Mine Selen'i çok merak etti çünkü Selen bir çığlık attı ve bir daha sesini duyamadı. Ablasına biri birşey mi yapmıştı? Ama kim ne yapabilirdi ki? Çetin'i aradı ve Selen'den haberinin olup olmadığını sordu.
Çetin: Haberim yok. Ben en son holdinge gitmek için evden çıktım ve bir daha hiç konuşmadım. Ne oldu ki?
Mine: Ya Ayşe'yi kaçırdılar. Sonra ablama bir mesaj geldi. Mesajda Ayşe'nin ölmesini istemiyorsa yazan adrese gitmesi istenmiş. O da gitti. Sonra Ayşe bulundu. Ablamı aradım ve ona tuzak kurulduğunu söyledim. Ablam çığlık attı ve telefon kapandı. Çok merak ediyorum onu Çetin.
Çetin: Nereye gitti? Adresi biliyor musun?

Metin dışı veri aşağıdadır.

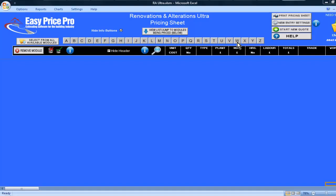The Renovations and Alterations Ultra Programme has many modules dedicated to the different types of wall that can be built. In this movie, I'm going to show you how easy it is to price up your stone walls using the Wall Stone Wall Module.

Mine: Emin değilim ama sanırım Cumhuriyet mahallesinde ilk ışıkları geçip ilk yola dönüp yolun sonuna gidiyorsun. Ormanlık bir yermiş ve minik bi kulübe varmış.
Çetin: Tamam Mine merak etme ben ablanı bulucam.
Çetin telefonu kapatıp aşağıya indi. Taylan Çetin'i gördü ve ne olduğunu sordu. Çetin olanları kısaca anlattı. Taylqn'da Çetin'le birlikte yola çıktı. O sırada Selen'i bayıltan kişi onu bir odaya kilitleyip dışarı çıktı. Selen uyandı. Korkarak ayağa kalktı ve camın arasından baktı. Cama tahtalar çakılmıştı. Bu nedenle çok az gözüküyordu. Selen ağlayarak bağırmaya başladı.
Selen: (ağlayarak) Yardım ediiiiin!! Yardım edin nolur!!!
Kaçıran Kişi: Boşuna bağırma burada seni kimse duyamaz.
Selen: Yaa! Ne istiyorsun benden? Ben sana ne yaptım ki? Yalvarırım bırak beni! Ne yapacaksın bana?
Kaçıran Kişi: Bi sus be kadın! Ne çok soru soruyorsun sen.
O sırada kulübeye birşeyler dökmeye başladı. Selen içeriye girenin kokusuna baktı. Yakıt dökmüştü.
Selen: Yakacak mısın beni? Ya ben sana ne yaptım?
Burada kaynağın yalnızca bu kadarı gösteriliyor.